Since the start of the year, the footwear-focused retailer's shares have fallen 46% to $1.32.
Is the Accent share price good value now?
The good news for investors is that one leading broker believes the weakness in the Accent share price has dragged it down to a very attractive level.
According to a note out of Bell Potter, the broker has reiterated its buy rating and $2.20 price target on the company's shares.
Based on the current Accent share price, this implies potential upside of 67% for investors.
But it gets even better as Accent traditionally shares a good portion of its profits with shareholders. Bell Potter doesn't expect this to change and is forecasting payout ratios of ~80% for FY 2022 and FY 2023.
This is expected to lead to fully franked dividends per share of 5.8 cents in FY 2022 and then 10.7 cents in FY 2023. This implies potential yields of 4.4% and 8.1%.
Why does Bell Potter rate it as a buy?
Bell Potter notes that Accent's shares are trading at a lowly 9.8x estimated FY 2023 earnings. It believes this is too cheap considering the company's dominant market position in the Australian footwear market (~30% market share) and its significant opportunity in athleisure. It explained:
AX1 is currently trading on 9.8x FY23e P/E (BPe) which we think looks conservative given its dominant market share in the Australian footwear retailing industry and growth outlook in the youth focused sports apparel vertical.

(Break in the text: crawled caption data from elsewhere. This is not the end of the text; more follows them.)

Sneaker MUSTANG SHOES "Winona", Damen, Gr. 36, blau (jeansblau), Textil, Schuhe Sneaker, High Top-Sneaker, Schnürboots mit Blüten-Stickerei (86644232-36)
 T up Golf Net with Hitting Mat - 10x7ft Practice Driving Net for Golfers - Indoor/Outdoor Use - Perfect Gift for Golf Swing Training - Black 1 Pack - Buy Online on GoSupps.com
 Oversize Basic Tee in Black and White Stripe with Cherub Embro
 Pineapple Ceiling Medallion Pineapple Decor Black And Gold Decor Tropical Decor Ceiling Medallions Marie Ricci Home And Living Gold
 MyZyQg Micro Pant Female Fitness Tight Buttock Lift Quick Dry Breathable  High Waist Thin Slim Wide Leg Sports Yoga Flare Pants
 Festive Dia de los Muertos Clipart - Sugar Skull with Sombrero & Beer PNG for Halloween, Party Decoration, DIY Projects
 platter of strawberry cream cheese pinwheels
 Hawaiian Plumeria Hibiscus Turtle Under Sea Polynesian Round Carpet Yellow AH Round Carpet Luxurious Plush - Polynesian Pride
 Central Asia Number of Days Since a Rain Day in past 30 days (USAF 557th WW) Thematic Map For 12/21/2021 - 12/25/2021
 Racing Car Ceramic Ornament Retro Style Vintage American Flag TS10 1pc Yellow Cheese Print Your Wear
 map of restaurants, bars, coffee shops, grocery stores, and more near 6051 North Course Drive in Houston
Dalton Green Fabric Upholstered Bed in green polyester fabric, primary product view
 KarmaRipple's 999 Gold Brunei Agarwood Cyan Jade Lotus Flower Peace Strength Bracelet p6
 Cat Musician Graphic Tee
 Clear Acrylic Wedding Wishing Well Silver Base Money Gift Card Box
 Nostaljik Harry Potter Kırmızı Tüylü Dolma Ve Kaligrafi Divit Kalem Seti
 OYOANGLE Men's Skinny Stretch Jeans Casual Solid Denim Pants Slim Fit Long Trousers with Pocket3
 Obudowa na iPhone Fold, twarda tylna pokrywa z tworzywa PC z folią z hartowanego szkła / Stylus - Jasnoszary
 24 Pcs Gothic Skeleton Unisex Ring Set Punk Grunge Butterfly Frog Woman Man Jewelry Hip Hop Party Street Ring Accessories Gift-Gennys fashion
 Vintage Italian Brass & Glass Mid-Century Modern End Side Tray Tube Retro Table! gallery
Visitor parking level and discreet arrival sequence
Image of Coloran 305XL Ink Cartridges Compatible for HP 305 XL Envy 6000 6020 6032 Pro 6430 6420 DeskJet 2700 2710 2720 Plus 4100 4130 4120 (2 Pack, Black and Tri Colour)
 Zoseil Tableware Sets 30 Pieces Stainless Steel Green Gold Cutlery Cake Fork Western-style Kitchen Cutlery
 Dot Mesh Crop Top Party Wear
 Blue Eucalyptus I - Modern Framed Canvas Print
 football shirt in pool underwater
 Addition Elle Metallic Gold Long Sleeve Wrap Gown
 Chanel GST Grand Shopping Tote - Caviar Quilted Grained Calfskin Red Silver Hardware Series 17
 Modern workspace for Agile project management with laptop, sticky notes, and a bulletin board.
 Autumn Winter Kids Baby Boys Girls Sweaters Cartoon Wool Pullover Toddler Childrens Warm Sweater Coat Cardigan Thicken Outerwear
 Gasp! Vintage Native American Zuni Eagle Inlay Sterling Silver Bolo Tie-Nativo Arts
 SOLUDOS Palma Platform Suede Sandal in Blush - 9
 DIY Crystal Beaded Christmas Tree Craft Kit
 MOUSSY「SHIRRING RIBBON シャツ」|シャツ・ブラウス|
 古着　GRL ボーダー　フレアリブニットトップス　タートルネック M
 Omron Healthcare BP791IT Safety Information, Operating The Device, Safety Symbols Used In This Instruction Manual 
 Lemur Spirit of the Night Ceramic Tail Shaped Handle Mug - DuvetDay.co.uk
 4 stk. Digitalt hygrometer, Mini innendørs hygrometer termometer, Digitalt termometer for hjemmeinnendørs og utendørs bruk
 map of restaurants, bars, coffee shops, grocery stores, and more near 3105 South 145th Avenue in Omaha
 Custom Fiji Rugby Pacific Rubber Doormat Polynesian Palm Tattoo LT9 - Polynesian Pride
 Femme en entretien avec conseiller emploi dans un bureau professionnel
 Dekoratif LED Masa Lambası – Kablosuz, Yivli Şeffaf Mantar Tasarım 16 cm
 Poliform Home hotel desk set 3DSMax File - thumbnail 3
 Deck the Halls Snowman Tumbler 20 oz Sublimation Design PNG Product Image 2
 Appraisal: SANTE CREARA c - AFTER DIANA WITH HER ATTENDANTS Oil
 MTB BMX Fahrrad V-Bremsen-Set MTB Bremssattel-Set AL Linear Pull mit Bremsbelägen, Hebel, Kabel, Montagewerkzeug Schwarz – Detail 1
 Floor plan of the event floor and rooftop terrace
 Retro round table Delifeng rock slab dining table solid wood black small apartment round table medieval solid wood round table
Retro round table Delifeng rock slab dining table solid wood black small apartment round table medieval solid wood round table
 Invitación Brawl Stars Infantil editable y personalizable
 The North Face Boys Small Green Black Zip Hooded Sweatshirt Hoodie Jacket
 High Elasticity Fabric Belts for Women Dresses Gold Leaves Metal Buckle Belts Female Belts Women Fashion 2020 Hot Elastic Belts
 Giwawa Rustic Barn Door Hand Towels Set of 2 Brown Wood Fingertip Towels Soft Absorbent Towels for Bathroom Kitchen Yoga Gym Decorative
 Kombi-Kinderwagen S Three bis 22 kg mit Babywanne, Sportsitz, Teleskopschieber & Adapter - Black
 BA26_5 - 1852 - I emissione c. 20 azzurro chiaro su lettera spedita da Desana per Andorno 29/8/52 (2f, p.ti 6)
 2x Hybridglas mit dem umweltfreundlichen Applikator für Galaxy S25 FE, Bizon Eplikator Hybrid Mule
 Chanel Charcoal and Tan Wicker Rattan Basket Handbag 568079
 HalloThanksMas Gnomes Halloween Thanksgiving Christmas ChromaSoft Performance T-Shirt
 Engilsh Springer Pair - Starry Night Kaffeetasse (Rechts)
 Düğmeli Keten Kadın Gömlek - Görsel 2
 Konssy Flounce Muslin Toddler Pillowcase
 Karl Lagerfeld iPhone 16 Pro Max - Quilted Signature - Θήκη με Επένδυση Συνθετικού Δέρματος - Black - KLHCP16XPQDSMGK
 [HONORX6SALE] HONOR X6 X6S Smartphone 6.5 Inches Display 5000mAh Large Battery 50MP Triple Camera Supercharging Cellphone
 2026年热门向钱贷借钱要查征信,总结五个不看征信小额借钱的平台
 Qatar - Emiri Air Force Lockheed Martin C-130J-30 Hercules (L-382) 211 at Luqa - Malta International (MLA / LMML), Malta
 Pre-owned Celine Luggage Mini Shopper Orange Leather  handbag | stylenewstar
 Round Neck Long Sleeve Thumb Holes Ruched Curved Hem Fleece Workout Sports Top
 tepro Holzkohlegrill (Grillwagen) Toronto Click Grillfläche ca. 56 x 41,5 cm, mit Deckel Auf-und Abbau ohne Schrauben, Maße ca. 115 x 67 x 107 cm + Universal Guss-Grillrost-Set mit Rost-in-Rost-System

We think AX1 has a long runway ahead in terms of the athleisure market opportunity and is well placed to gain share given its accelerated vertical sales strategy. We sit ~6% ahead of consensus NPAT expectations for FY24e primarily driven by higher store based revenues & vertical sales assisted by the Glue Store roll out which in our view should see overall margin expansion through the medium term.